Зловонный, липкий, словно отравитель,
циан расположивший под рукой.
В послевоенных сумерках мелькая,
его волна катила времена,
и мелкая, но, в сущности, рябая,
она в Фонтанку падала до дна.
Она была настолько тяжелее
чужой воды, и, верно, был резон
зарыть канал; но я его жалею,
и для меня не высыхает он.
Сюда от Царскосельского вокзала
я приходил; мне помнится вокзал,
я пропускал трамваи, как раззява,
канала никогда не пропускал.
Над ним электростанция дымила,
морская академия жила,
и все, что было мило и немило,
его вода навеки унесла.
Весь этот век, когда мы победили,
всю эту жизнь, что проиграли мы,
прожекторы, которые светили
на лозунги среди глухой зимы.
В ночном бушлате, бутсах и обмотках
курсанты погружались в катера,
и карабины брякали на скобках,
на этих сходнях в пять часов утра.
Я это видел сам и не забуду,
меня война сгубила и спасла.
Она со мной, и мой канал — покуда
я жив еще, до смертного числа.
Закопан, утрамбован по уставу,
и все-таки на свете одному
дай мне воды запить мою отраву,
канал, как Стикс впадающий в Неву.

53

Георгий Раевский

29 декабря родился Георгий Авдеевич Оцуп [Раевский] (1897 — 1963).

* * *

Спасайтесь вплавь, на бревнах, на плотах,
На лодках парусных, — на чем попало:
Нас предала земля, и на полях,
Как серп, волна гуляет. Все пропало!
Не злаки, нет, не мирные хлеба,
Мы ветер сеяли, слепое племя,
И бурю жнем.
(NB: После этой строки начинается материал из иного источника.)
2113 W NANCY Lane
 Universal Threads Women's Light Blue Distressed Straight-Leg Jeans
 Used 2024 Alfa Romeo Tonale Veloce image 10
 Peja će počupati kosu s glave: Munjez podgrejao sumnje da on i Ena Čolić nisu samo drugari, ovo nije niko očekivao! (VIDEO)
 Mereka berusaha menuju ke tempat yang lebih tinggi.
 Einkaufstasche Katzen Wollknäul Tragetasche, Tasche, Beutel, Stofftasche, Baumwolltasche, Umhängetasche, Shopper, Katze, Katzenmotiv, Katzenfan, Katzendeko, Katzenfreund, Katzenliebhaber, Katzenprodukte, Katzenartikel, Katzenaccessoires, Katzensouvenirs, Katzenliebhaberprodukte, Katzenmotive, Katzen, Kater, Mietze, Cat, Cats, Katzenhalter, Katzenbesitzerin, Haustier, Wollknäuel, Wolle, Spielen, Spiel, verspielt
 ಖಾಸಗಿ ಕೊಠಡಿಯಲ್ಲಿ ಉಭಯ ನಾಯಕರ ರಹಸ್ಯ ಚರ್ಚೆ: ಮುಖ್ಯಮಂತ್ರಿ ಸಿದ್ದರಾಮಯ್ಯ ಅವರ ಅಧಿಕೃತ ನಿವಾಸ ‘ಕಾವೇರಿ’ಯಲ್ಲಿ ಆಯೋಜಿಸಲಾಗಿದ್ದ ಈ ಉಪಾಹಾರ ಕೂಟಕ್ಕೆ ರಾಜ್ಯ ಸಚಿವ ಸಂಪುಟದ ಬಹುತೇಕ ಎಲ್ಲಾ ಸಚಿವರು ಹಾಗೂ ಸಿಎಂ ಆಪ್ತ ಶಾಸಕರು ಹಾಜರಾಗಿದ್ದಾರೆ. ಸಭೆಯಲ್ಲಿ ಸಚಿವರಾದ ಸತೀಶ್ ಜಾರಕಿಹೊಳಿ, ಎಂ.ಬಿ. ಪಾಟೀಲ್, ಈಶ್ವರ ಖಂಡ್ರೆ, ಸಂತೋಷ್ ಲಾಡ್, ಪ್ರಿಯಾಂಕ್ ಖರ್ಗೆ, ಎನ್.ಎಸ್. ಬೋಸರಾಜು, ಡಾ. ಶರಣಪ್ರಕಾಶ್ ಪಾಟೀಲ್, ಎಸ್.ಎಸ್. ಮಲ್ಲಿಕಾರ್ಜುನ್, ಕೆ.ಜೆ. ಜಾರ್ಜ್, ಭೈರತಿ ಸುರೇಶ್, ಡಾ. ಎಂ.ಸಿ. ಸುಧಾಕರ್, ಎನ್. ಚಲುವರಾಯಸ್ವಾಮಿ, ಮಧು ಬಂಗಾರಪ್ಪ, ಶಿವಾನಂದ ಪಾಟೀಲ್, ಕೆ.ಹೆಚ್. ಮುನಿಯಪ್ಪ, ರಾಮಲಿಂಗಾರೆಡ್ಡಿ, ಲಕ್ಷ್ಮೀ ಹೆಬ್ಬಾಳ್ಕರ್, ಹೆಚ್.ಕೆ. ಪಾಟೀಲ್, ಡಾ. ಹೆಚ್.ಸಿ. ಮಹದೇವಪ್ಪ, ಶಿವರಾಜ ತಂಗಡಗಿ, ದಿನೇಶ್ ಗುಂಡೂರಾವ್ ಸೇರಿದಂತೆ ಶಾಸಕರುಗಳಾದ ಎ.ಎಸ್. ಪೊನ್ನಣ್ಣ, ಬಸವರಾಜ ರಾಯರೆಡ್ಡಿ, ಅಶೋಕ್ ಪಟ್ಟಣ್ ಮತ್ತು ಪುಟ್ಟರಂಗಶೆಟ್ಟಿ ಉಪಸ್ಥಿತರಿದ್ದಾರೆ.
О, гневная судьба!
О, страшное, безжалостное время!

* * *

Внезапно вспыхнули два ярких света:
Два фонаря. Разбрызгивая грязь
Огромными колесами, карета
Стремительно куда-то пронеслась.
Неудержимый бег! Одно мгновенье:
Огни, колеса, резкий поворот, —
И все. — Какое странное волненье…
Густой туман ложится. Дождь идет.

* * *

Не хрустальный бокал, не хиосская гроздь,
Но стакан и простое вино;
Не в пурпурной одежде торжественный гость —
В тесной комнате полутемно,
И усталый напротив тебя человек
Молчаливо сидит, свой же брат,
И глаза из-под полуопущенных век
Одиноко и грустно глядят.
Ты наверное знаешь, зачем он пришел:
Не для выспренних слов и речей.
Так поставь же ему угощенье на стол
И вина неприметно подлей.
Может быть, от беседы, вина и тепла
Отойдет, улыбнется он вдруг, —
И увидишь: вся комната стала светла
И сияние льется вокруг.

* * *

Ты задремала, друг, а я — в который раз —
Гляжу на тонкие морщинки возле глаз,
На голову твою, где седина все чаще
Мелькает в волосах. — В простой и настоящей
Любви моей к тебе что может изменить —
Свидетельница лет — серебряная нить?
Уходит молодость с ее излишним шумом,
Но не становится холодным и угрюмым
Окрестный этот мир. Быть может, лишь теперь,
И после стольких бед, обид, потерь,
Все, что туманилось, металось и томилось,
Глубокой тишиной спокойно озарилось.